Первым разгорячённо говорил Иван Самойлович Самойлович, гетман Правобережной и Левобережной Украины, только вчерашним днём прибывший в Троицу:

— Войску Ибрагим-паши поражение дадено. Но панство в Польше на сеймиках кричит в голос, мол, заняв Чигирин, русский царь отобрал у нас всю Украину...

Сидевший на лавке, крытой рытым бархатом, возле совсем молодого государя князь, ближний боярин, человек огромного роста и свирепый с виду, Григорий Григорьевич Ромодановский спокойно сказал:

— Пусть кричат. Смоленскую войну они ещё не забыли. Но если мы отстоим Чигиринскую крепость от турок и крымского хана, то тогда схватимся в войне с Речью Посполитой. Шляхта и магнаты от малороссийских земель никак не откажутся...

Молчавший до того царь Фёдор Алексеевич, слушавший спор гетмана с князем-воеводой, молвил:

— Надо послушать Тяпкина. Говори, стольник, что у тебя там в Варшаве о Москве говорят?

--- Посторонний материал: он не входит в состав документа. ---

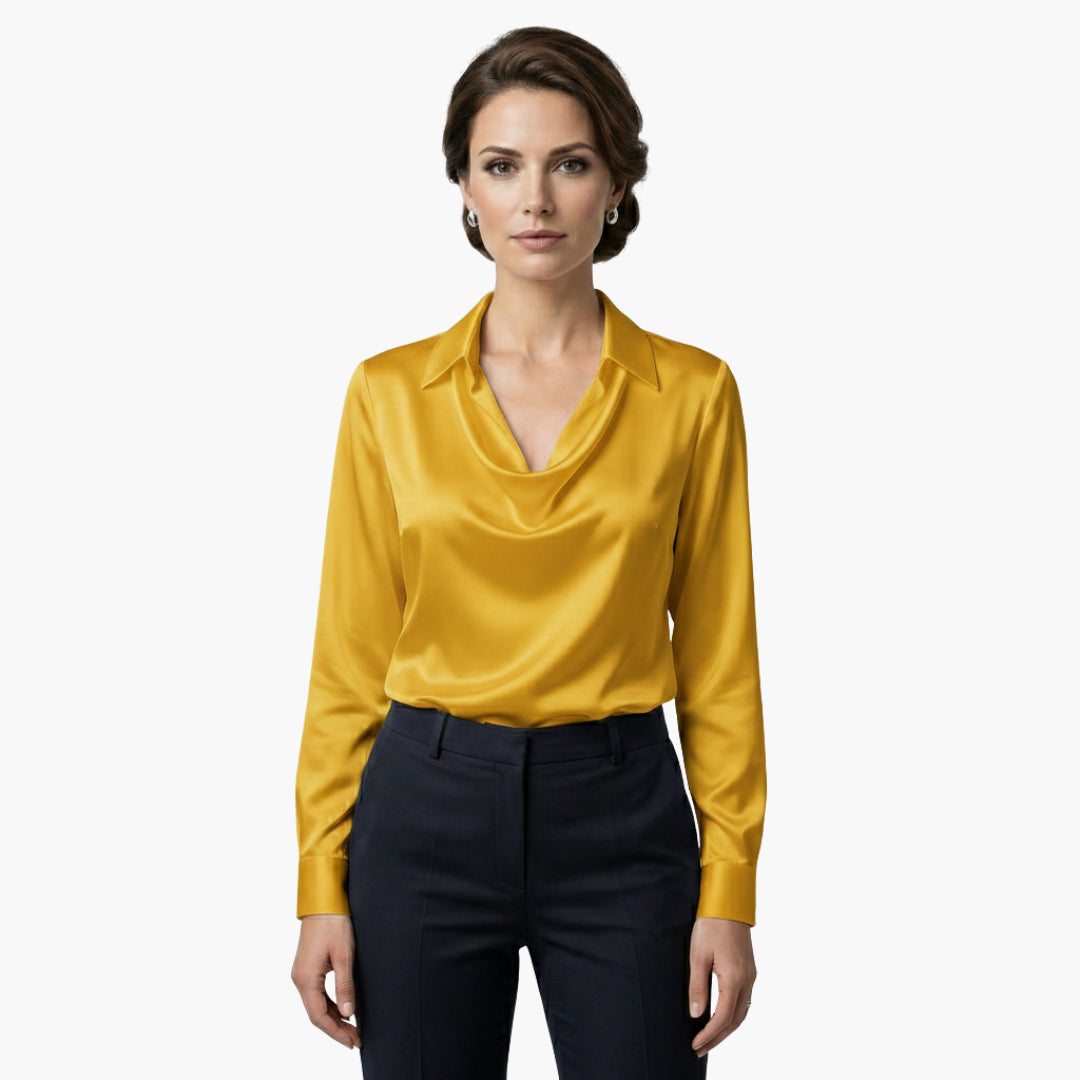 Blouse Satinée à Col Châle et Col Classique pour Femme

С дальней скамьи поднялся стольник Василий Михайлович Тяпкин, бывший царским посланником в столице Речи Посполитой Варшаве и снова отправлявшийся на берега Вислы с верительной грамотой. Поклонившись до земли государю, сказал осторожно, вкрадчиво:

— Государь! Польский король и его князья-магнаты ждут не дождутся истечения срока Андрусовского мира. Тогда они сразу же потребуют от нас Киев. А он, стольный град Древней Руси, святынь православных полон. И воевать начнут за города Смоленск, Невель, Себеж...

— Но как воевать полякам с нами, когда турецкий султан хочет прибрать к рукам всё днепровское правобережье?

— Государь, сегодня Варшава не страшится этого. У них есть Журавинский мир с Портой и крымским ханом. Им нужен Киев и Смоленщина. Вот почему Чигиринская крепость у них как бельмо на глазу.

— Что же ты предлагаешь делать с Чигирином-то, стольник?

— Если мы сегодня, государь, отобьём от турок и татар Чигирин — значит, завтра жди войны с поляками. Разорить крепость надо и уйти из неё, полки гарнизонные отвести на Слободскую Украину. Она к Киеву рядышком лежит.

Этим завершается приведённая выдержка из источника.